Data provided:
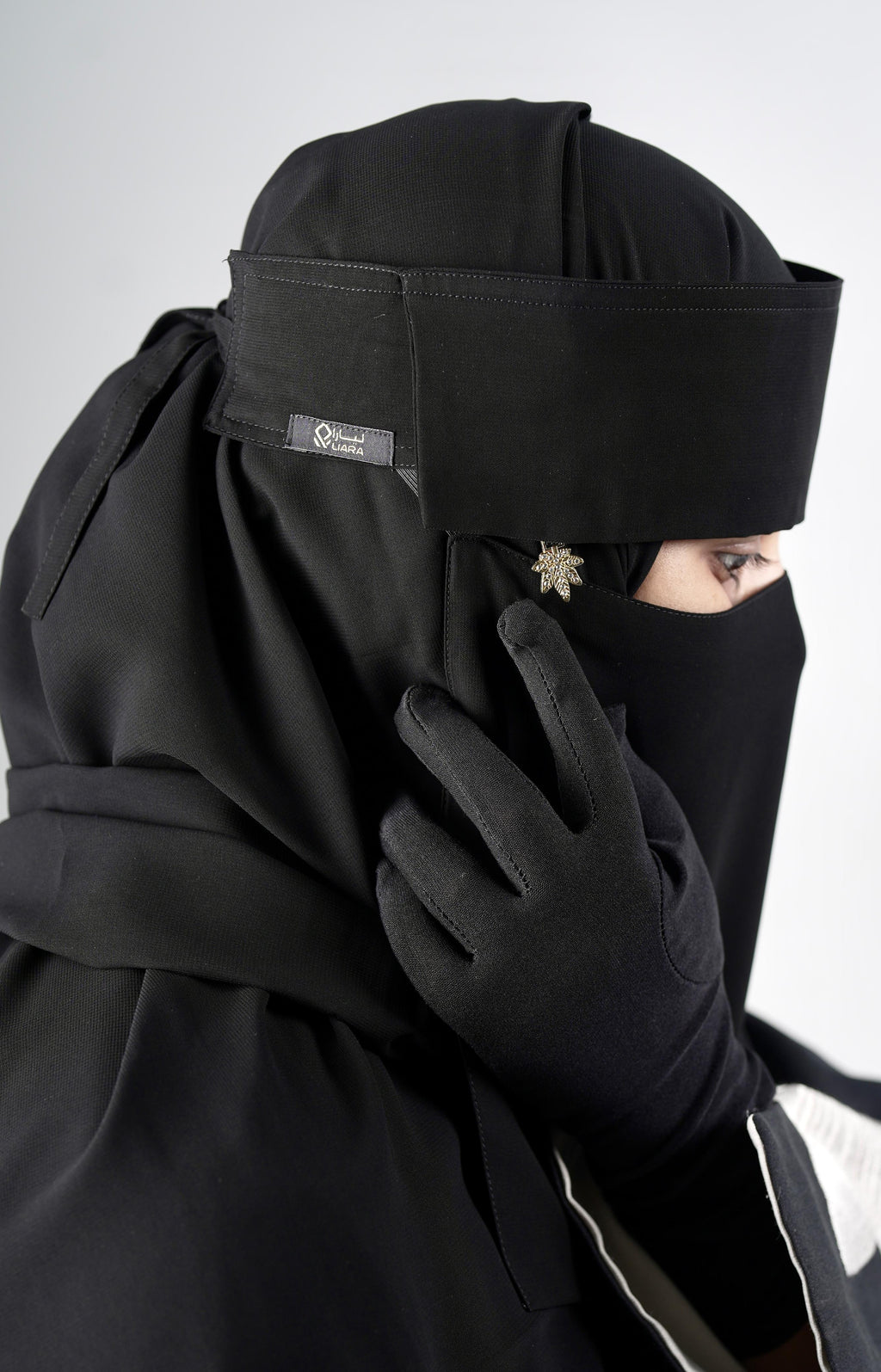 Liara Medium Flap Niqab with Leaf Locket – 10 Inch Length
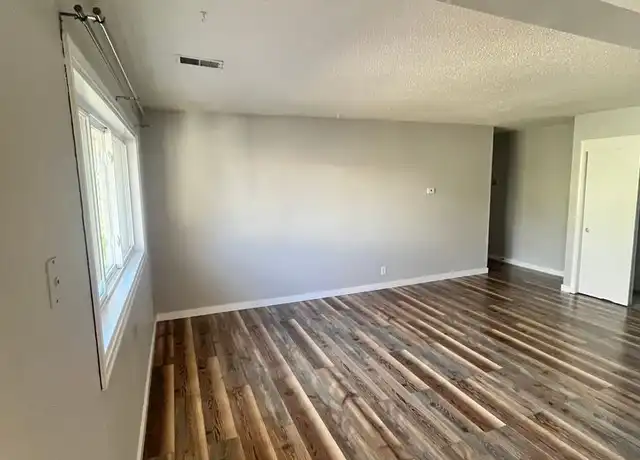 Property at 622 S 36th St Unit 8, Omaha, NE, 68105, 1 bed, 1 bath, [object Object]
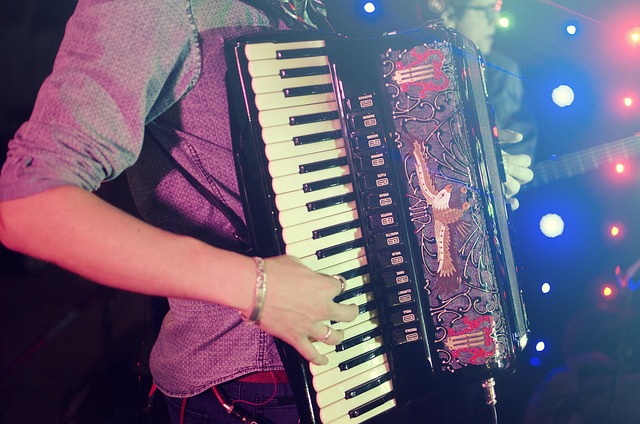 Delegação de artistas nordestinos desembarca na França para celebrar a cultura brasileira com Forró de Raiz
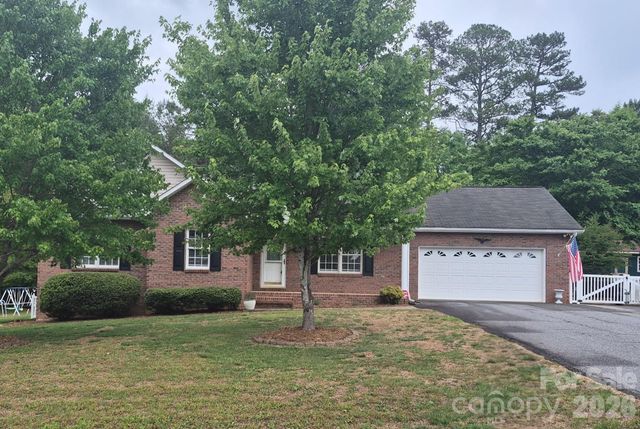 5126 Silver Tree Trail, Conover, NC 28613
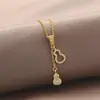 Cadena para Clavícula con Sentido de Diseño de Nicho Accesorios de Sentido Avanzado Lujo Ligero Doble Borla de Diamantes Completos Colgante de Calabaza Acero de Titanio Collar para Mujer Combinación para Todo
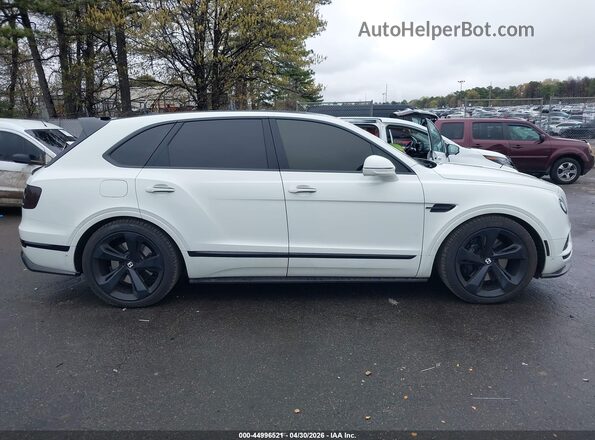 SJAAC2ZV4JC020050 2018 BENTLEY BENTAYGA White Widok wnętrza z tyłu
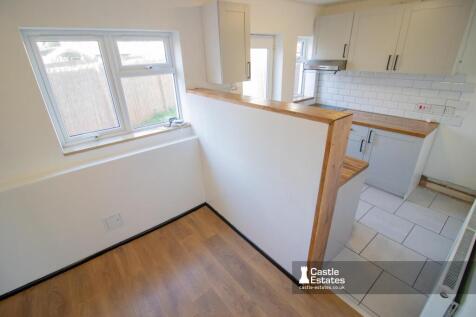 Lawton Drive, Nottingham, NG6 8BL photo 4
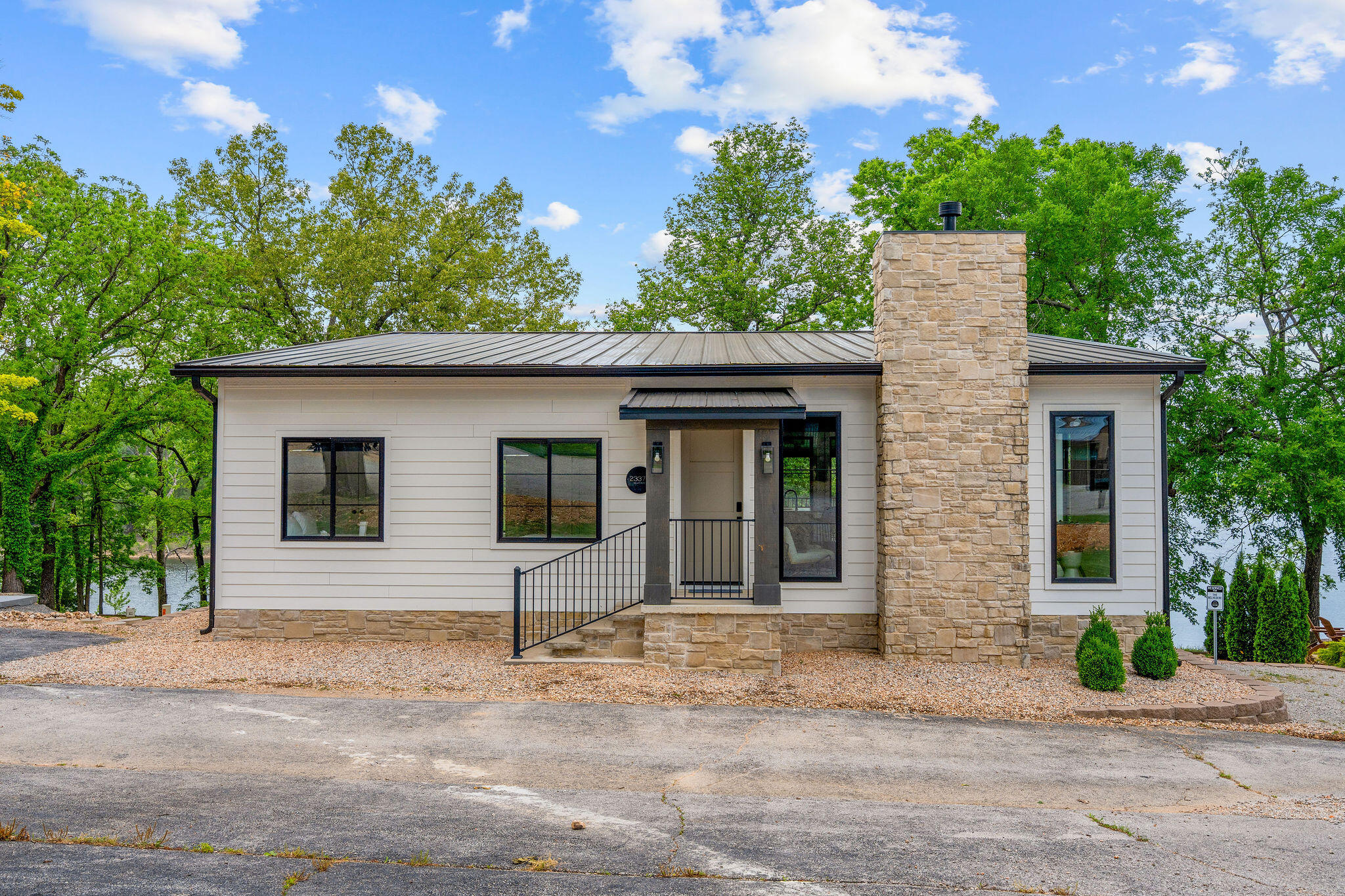 Photo of 23370 Farm Road 1255 Shell Knob MO 65747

Aim of the exercise: Only the lines from the start of the material to the line with "5126 Silver Tree Trail, Conover, NC 28613", inclusive, belong in the answer, printed exactly and free of pictures.

Exercise output:
 Liara Medium Flap Niqab with Leaf Locket – 10 Inch Length
 Property at 622 S 36th St Unit 8, Omaha, NE, 68105, 1 bed, 1 bath, [object Object]
 Delegação de artistas nordestinos desembarca na França para celebrar a cultura brasileira com Forró de Raiz
 5126 Silver Tree Trail, Conover, NC 28613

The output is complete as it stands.